Cinebench R10 and POV-ray




 Cinebench R10

 3D modeling and rendering

Cinebench, based on Maxon’s CINEMA 4D rendering tool, is another processor-intensive test benchmark very relevant to the workstation world. The test is both multi-processor and multi-core aware, so you can expect to see scaling according to the speed of our CPUs and the number of cores put up against the test. Release 10 of the benchmark features a new scene that better taxes today’s graphics cards and processors and incorporates light sources, procedural shaders, ambient occlusion, and multi-level reflections.

 


In what’s proving to be a pattern, the superior processing power of our reference box flexes its muscle yet again. In the single-threaded test, you see the result of when a 1.6 GHz core goes up against a 3 GHz core based on the same architecture. The multi-threaded test demonstrates similar scaling.

 POV-ray 3.6
 Single-threaded ray-tracing


For our next test, POV-Ray, we opted against using the latest beta version 3.7, which adds symmetric multi-processing support to the graphics creation tool. Instead, we used 3.6, the latest official version of the software.

 


This is another benchmark where faster processors are going to give you better results. True to our expectations, the 3 GHZ Xeon X5365 handily outperform the E5310 in Systemax’s Endeavor workstation.

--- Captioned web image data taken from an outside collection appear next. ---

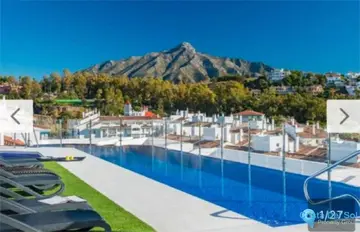 3 bedroom Apartment for Sale in Nueva Andalucía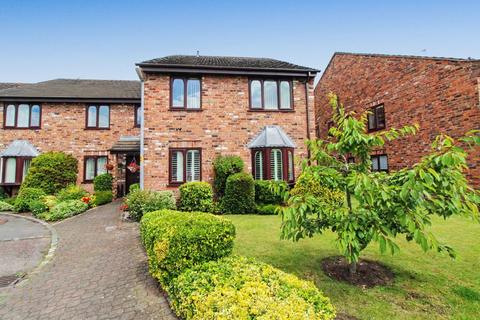 undefined, Cyril Bell Close, Lymm
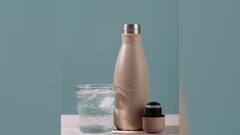 Aluminum vs Glass Bottles: কাচ না অ্যালুমিনিয়াম, জলপানের জন্য কোন বোতল আদর্শ?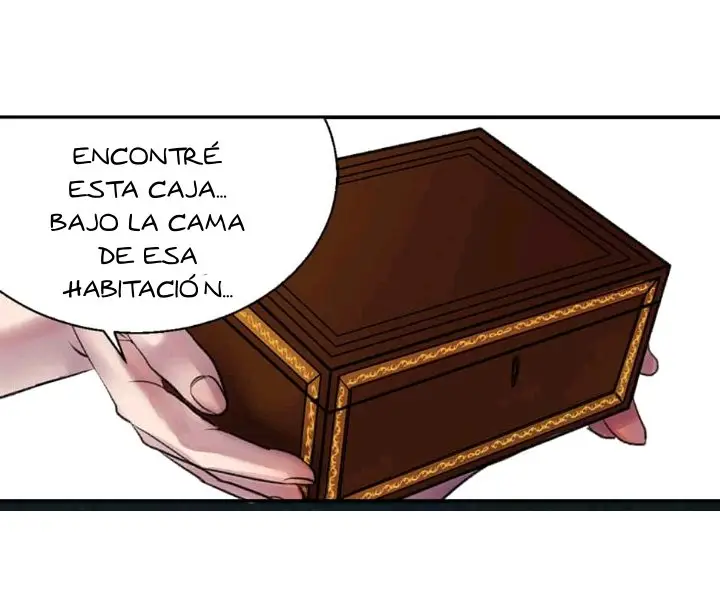 Pececito Dorado (2018) - Capítulo 10 - Página 34 - LectorTMOo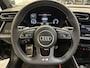 Audi A3 Sportback 40 TFSIe 204pk S-tronic S edition · Camera · Apple/Android Car Play ·  Navigatie · Stoelverwarming · P-Sensoren · 18'' Inch · Garantie t/m 06-05-2029 of 100.000km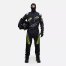Комбинезон мужской Stig 1315 GraphiteYellow (XL) Finntrail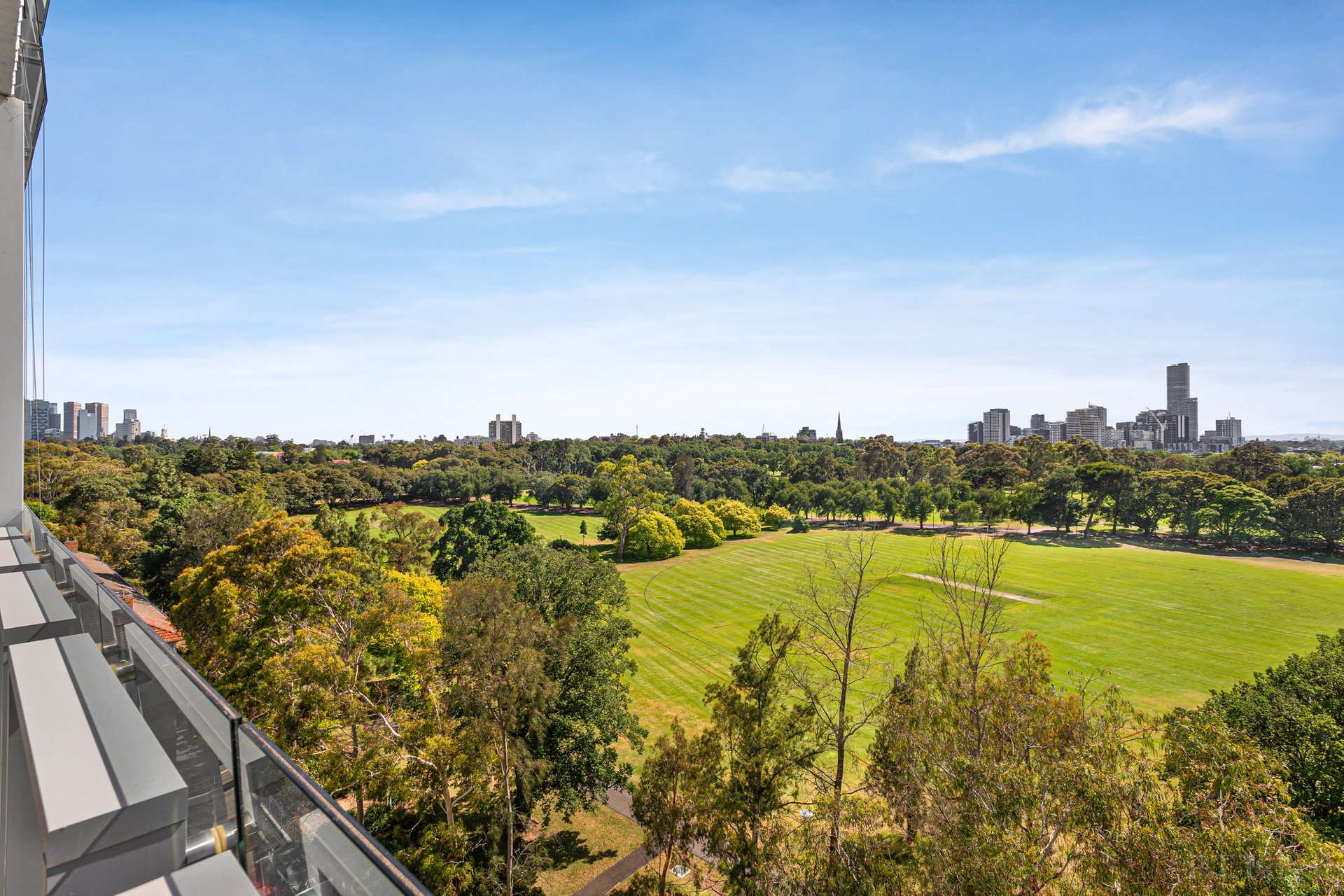 707/499 St Kilda Road, Melbourne image 5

By now you’re probably wondering why we’re being so gosh-darned hard on the plucky little Systemax setup, when in fact that isn’t our intention at all. In fact, as we’ve pointed out several times already, the Endeavor is putting up quite the fight given its price point and composition. While it’ll naturally lag behind a workstation specifically designed to showcase processing power, the Endeavor’s graphics and storage performance offset the CPU somewhat. And remember, there’s still an empty processor socket, ready to take another four cores running at 1.6 GHz, doubling the Endeavor’s available processing resources. And if you're looking for a little more juice right out of the gate, you can buy the Endeavor with up to a Xeon E5345 running at 2.33 GHz on a 1333 MHz bus.